___ INPUT DATA

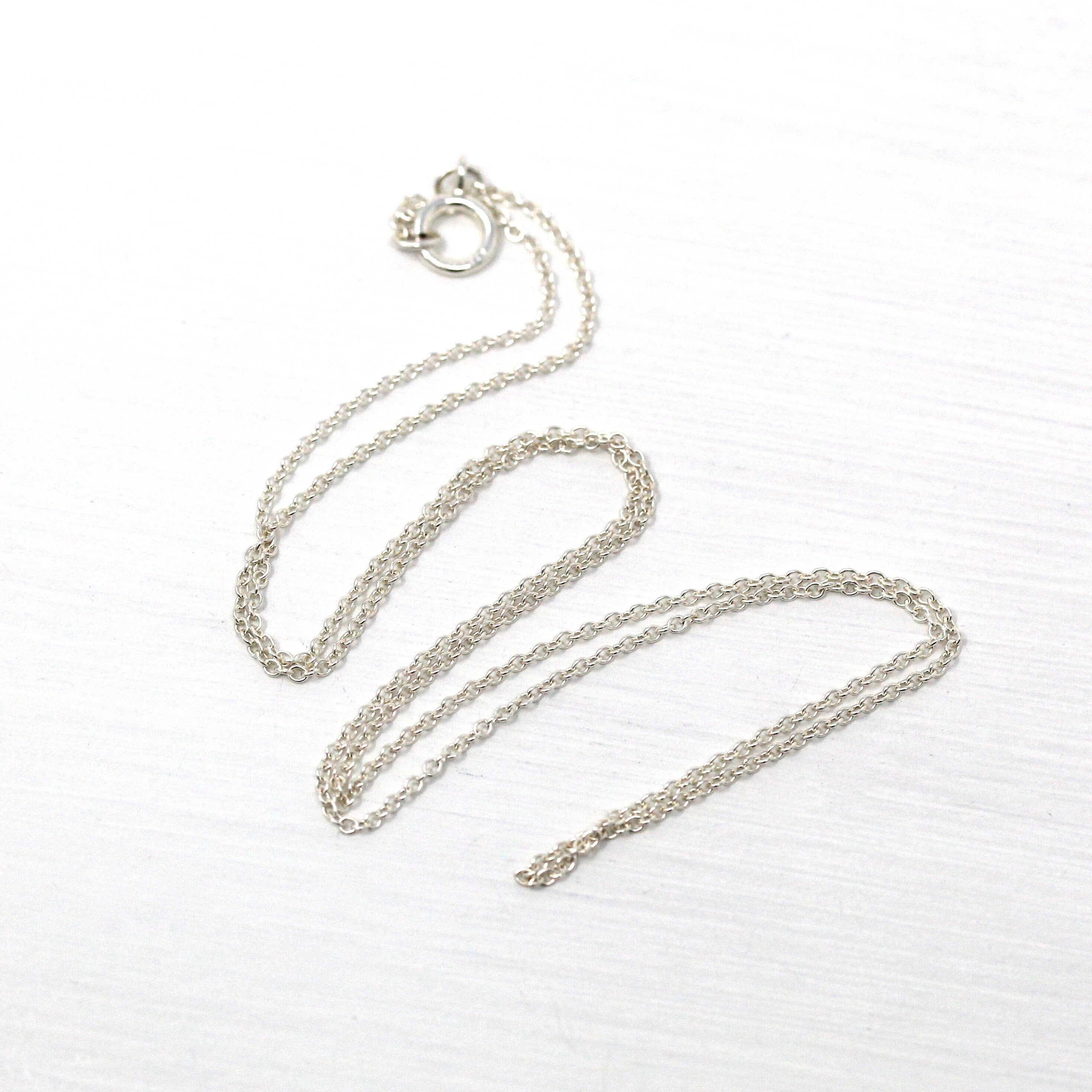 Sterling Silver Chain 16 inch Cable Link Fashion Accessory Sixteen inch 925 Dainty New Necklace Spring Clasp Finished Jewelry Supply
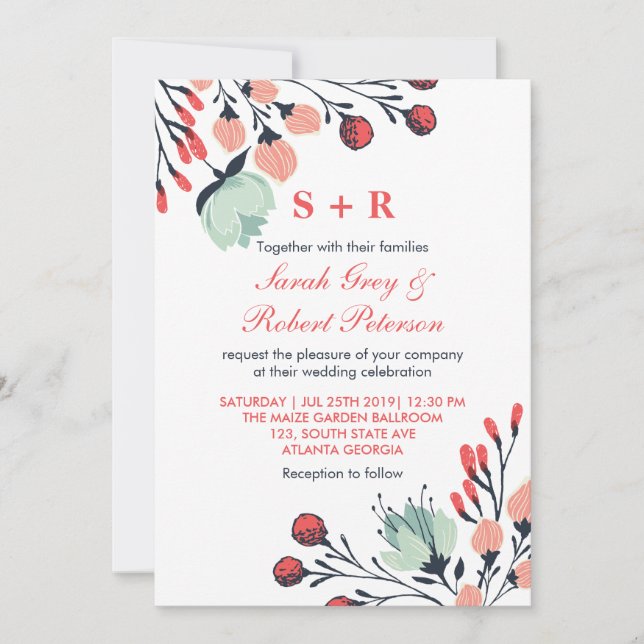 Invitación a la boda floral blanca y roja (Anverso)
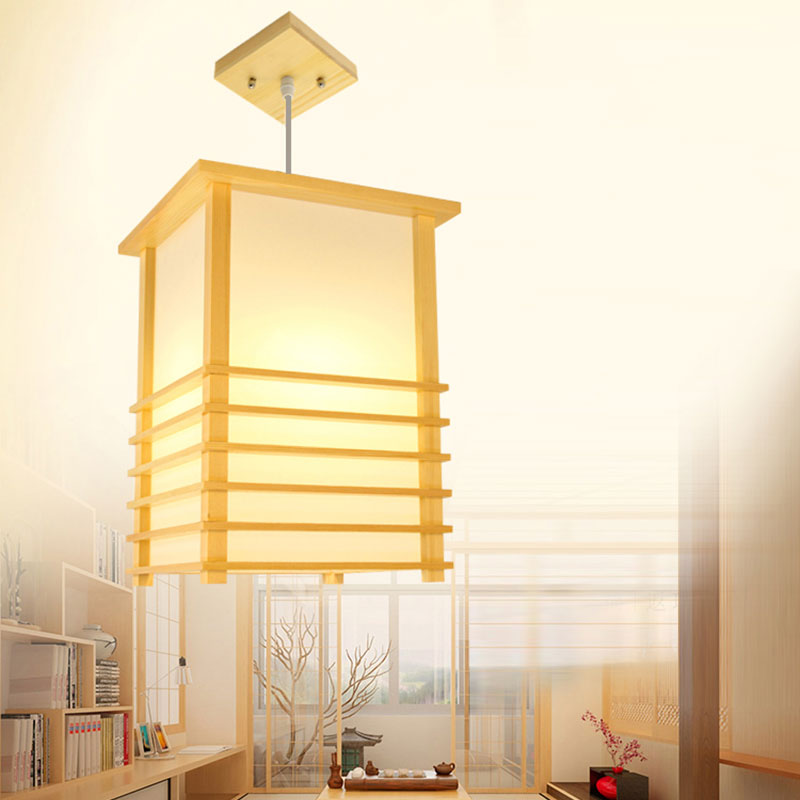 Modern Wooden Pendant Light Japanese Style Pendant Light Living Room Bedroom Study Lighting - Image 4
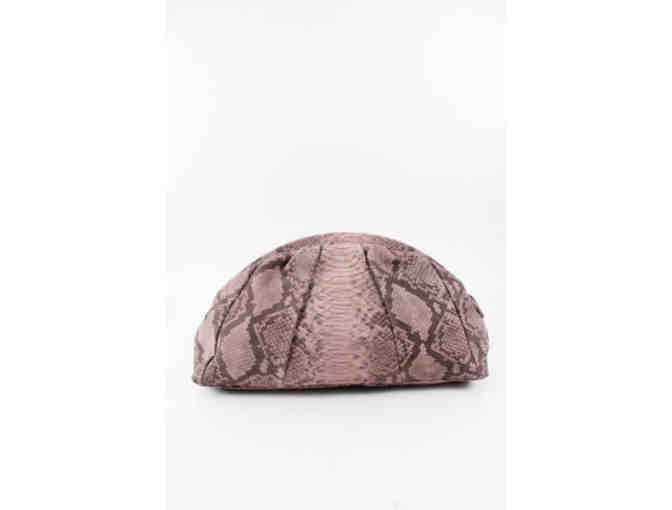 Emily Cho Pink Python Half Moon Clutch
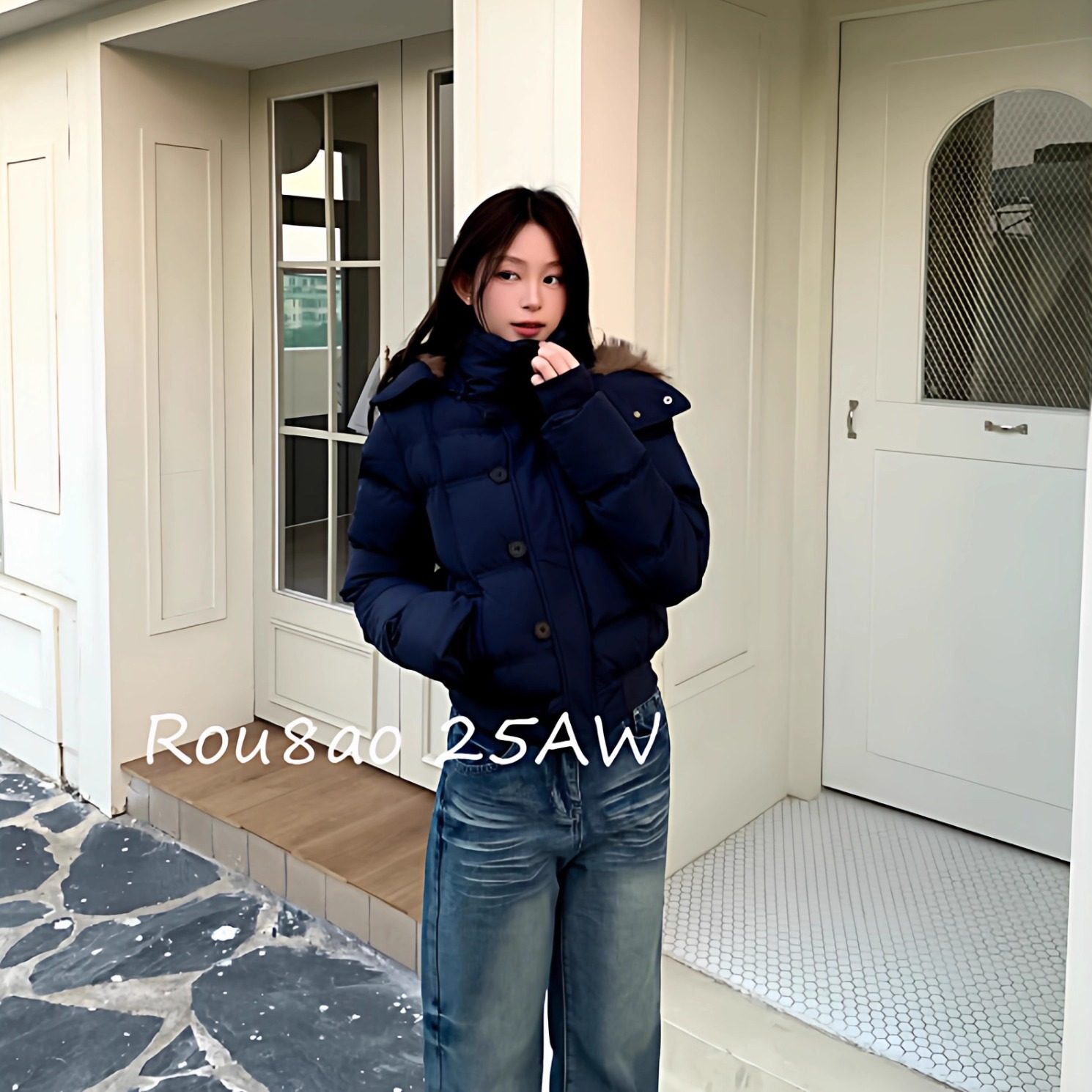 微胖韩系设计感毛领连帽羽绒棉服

______

== GOAL OF THE EXERCISE ==
Take the records above from the line with "Emily Cho Pink Python Half Moon Clutch" down to their last line and please copy those lines exactly, without the pictures.

== RESPONSE TO THE EXERCISE ==
 Emily Cho Pink Python Half Moon Clutch
 微胖韩系设计感毛领连帽羽绒棉服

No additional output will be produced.